Giulio de' Medici's life began under tragic circumstances. On 26 April 1478—exactly one month before his birth—his father, Giuliano de Medici (brother of Lorenzo the Magnificent) was murdered in the Florence Cathedral by enemies of his family, in what is now known as the "Pazzi conspiracy". He was born illegitimately on 26 May 1478, in Florence; the exact identity of his mother remains unknown, although a plurality of scholars contend that it was Fioretta Gorini, the daughter of a professor, Antonio Gorini. Giulio spent the first seven years of life with his godfather, the architect Antonio da Sangallo the Elder.

Thereafter, Lorenzo the Magnificent raised him as one of his own sons, alongside his children Giovanni (the future Pope Leo X), Piero, and Giuliano. Educated at the Palazzo Medici in Florence by humanists like Angelo Poliziano, and alongside prodigies like Michelangelo, Giulio became an accomplished musician. In personality he was reputed to be shy, and in physical appearance, handsome.

Giulio's natural inclination was for the clergy, but his illegitimacy barred him from high-ranking positions in the Church. So Lorenzo the Magnificent helped him carve out a career as a soldier. He was enrolled in the Knights of Rhodes, but also became Grand Prior of Capua. In 1492, when Lorenzo the Magnificent died and Giovanni de' Medici assumed his duties as a cardinal, Giulio became more involved in Church affairs. He studied canon law at the University of Pisa, and accompanied Giovanni to the conclave of 1492, where Rodrigo Borgia was elected Pope Alexander VI.

Following the misfortunes of Lorenzo the Magnificent's firstborn son, Piero the Unfortunate, the Medici were expelled from Florence in 1494. Over the next six years, Cardinal Giovanni and Giulio wandered throughout Europe together—twice getting arrested (first in Ulm, and later in Rouen). Each time Piero the Unfortunate bailed them out. In 1500, both returned to Italy and concentrated their efforts on re-establishing their family in Florence. Both were present at the Battle of Ravenna in 1512, where Cardinal Giovanni was captured by the French but Giulio escaped; this led to Giulio becoming an emissary to Pope Julius II. That same year, with the assistance of Pope Julius and the Spanish troops of Ferdinand II of Aragon, the Medici retook control of Florence.

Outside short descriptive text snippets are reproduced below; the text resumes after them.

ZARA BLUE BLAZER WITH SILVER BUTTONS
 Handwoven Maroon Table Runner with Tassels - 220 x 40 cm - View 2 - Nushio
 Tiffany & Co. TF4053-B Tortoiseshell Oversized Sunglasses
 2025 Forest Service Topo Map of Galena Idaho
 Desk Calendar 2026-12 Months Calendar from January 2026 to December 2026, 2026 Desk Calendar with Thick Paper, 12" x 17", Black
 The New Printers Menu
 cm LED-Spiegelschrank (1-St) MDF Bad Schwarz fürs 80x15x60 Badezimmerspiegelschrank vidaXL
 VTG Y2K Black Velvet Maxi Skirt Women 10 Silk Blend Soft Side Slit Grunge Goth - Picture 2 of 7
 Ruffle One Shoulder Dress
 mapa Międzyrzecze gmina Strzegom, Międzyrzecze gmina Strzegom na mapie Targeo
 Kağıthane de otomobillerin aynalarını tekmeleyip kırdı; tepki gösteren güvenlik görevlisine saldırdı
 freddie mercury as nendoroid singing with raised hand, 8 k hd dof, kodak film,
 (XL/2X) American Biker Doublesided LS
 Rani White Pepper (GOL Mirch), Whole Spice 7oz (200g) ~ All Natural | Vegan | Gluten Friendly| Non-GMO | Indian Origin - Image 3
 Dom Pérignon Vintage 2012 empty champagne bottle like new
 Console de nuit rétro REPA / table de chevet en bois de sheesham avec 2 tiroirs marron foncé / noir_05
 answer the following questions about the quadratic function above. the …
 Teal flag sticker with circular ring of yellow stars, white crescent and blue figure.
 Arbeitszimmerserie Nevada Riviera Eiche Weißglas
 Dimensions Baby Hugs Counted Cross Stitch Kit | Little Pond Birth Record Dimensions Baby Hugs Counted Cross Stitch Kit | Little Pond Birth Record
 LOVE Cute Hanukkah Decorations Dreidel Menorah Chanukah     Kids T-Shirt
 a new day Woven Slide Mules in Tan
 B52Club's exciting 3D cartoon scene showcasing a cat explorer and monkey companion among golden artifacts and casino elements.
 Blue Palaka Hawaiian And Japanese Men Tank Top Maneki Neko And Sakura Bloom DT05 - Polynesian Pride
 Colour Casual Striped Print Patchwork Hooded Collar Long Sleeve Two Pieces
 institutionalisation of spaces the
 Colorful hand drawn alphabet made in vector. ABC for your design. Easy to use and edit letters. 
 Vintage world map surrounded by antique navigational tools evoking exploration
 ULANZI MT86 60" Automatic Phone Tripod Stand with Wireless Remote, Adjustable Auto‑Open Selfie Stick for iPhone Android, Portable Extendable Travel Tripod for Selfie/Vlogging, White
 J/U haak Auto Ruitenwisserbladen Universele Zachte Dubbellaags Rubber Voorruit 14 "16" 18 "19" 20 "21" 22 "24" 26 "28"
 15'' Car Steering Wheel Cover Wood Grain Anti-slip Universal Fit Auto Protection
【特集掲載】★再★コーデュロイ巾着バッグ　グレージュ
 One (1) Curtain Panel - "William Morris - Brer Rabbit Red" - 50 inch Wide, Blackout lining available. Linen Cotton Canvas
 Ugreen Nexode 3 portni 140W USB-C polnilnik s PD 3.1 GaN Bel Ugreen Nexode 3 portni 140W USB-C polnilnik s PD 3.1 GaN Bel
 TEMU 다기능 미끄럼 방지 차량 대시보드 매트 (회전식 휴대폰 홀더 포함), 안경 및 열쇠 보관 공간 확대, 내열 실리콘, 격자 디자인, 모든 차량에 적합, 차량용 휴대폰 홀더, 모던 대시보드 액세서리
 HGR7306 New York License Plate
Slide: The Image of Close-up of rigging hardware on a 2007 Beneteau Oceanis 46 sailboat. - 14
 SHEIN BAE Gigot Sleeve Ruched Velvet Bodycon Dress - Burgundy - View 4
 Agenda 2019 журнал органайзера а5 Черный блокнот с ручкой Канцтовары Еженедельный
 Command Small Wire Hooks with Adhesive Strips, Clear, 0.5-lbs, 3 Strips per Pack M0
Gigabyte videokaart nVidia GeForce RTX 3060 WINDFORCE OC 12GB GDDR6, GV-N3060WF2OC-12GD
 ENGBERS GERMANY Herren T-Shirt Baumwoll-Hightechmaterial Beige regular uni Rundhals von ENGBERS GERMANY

===Paternity of Alessandro de' Medici===
In 1510, while the Medici were living near Rome, a servant in their household—identified in documents as Simonetta da Collevecchio—became pregnant, ultimately giving birth to a son, Alessandro de' Medici. Nicknamed "il Moro" ("the Moor") due to his dark complexion, Alessandro was officially recognized as the illegitimate son of Lorenzo II de Medici, but at the time and to this day, various scholars suggest that Alessandro was the illegitimate son of Giulio de' Medici. The truth of his lineage remains unknown and debated.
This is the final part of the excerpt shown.